[Instructions for the task]:
With the line that contains "фото Полотно пильное" as the first line, output exactly every line through the end of the material.

[Data shown]:
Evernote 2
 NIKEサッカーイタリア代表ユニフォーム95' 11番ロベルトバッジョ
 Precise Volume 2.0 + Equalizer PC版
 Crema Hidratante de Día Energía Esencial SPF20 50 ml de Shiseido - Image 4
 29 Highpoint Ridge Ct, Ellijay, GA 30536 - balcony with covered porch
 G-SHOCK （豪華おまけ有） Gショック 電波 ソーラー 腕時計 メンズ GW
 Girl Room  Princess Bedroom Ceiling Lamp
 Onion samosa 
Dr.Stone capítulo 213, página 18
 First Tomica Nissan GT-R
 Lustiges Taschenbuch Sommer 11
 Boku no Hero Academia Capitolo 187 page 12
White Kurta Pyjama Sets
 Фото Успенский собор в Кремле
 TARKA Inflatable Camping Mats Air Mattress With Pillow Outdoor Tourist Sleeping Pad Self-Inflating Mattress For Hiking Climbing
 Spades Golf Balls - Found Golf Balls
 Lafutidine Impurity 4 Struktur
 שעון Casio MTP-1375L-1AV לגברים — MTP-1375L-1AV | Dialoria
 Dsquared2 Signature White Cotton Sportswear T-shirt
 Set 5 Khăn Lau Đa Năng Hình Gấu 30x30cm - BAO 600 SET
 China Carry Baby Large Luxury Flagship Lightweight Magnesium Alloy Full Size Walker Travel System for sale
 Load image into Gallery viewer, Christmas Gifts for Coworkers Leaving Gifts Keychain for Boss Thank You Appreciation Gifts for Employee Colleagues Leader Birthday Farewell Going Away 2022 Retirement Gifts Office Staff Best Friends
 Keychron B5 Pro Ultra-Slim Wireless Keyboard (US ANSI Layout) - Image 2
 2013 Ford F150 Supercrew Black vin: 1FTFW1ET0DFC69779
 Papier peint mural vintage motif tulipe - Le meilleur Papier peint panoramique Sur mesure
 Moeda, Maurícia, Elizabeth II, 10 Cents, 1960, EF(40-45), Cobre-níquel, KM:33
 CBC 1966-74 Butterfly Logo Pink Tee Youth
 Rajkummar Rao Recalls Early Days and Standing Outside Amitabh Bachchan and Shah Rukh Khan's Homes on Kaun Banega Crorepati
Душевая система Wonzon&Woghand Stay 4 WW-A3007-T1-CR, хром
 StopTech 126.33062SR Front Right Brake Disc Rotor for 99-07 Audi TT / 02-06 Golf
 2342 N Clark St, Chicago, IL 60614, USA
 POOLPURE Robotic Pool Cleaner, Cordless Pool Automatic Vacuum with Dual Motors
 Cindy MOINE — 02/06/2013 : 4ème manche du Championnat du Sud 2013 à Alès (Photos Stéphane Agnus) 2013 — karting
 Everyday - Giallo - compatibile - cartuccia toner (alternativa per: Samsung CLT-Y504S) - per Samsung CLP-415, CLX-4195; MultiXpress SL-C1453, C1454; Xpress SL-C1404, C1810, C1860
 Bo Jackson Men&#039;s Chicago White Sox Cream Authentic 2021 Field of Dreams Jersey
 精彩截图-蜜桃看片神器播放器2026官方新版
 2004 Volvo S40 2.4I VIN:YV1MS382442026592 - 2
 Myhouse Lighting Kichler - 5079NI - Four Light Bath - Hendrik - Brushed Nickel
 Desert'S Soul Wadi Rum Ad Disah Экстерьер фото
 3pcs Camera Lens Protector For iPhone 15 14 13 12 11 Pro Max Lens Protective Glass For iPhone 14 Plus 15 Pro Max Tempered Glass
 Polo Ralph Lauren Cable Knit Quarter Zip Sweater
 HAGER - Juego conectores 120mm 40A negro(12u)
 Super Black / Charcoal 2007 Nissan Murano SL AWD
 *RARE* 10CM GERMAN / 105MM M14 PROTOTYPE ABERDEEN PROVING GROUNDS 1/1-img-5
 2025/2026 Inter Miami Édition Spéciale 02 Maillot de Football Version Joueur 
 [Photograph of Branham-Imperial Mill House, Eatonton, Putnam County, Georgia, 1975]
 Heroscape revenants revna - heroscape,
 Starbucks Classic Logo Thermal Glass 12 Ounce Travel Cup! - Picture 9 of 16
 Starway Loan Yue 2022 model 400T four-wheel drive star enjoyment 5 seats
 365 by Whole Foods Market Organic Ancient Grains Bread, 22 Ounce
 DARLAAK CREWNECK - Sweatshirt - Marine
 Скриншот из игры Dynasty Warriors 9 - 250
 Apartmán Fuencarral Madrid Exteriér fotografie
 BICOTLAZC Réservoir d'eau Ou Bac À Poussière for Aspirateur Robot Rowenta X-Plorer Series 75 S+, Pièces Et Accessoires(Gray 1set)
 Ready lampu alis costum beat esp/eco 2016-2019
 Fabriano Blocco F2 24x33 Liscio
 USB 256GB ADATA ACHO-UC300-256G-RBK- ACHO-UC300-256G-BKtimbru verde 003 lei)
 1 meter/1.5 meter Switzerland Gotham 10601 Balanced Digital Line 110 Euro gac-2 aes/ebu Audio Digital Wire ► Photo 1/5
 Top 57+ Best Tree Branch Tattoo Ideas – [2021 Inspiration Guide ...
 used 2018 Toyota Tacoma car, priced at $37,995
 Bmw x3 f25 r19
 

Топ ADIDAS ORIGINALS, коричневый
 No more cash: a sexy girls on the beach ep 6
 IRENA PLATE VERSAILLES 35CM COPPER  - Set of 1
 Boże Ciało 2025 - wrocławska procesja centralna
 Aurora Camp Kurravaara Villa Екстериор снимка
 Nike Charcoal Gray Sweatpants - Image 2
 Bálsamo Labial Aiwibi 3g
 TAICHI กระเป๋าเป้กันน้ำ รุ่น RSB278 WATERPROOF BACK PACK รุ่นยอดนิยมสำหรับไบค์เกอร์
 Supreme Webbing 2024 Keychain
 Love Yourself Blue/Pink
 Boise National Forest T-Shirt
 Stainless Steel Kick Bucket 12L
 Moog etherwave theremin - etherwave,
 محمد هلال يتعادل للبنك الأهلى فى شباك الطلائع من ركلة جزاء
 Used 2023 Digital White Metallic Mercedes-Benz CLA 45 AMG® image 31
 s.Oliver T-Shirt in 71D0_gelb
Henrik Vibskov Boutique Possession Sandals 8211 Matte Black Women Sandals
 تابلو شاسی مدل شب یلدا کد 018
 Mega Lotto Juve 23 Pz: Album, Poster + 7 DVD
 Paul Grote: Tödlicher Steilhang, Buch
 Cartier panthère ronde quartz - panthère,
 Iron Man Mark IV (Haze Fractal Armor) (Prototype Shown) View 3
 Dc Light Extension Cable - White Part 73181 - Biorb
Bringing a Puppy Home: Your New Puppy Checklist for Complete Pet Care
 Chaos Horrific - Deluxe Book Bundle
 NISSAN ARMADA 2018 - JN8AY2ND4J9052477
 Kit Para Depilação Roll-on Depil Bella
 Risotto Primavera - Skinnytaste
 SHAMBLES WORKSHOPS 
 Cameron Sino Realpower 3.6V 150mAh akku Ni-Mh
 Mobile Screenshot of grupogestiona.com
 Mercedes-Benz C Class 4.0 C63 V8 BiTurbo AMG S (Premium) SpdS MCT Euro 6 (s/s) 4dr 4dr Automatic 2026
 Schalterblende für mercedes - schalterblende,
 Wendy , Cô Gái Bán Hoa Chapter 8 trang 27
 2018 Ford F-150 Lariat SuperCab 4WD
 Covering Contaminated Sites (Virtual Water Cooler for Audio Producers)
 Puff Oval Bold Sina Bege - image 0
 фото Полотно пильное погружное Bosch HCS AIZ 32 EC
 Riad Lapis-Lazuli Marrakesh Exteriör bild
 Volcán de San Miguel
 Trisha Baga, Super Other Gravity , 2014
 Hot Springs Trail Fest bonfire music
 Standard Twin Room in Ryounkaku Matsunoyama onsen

[Completed task]:
 фото Полотно пильное погружное Bosch HCS AIZ 32 EC
 Riad Lapis-Lazuli Marrakesh Exteriör bild
 Volcán de San Miguel
 Trisha Baga, Super Other Gravity , 2014
 Hot Springs Trail Fest bonfire music
 Standard Twin Room in Ryounkaku Matsunoyama onsen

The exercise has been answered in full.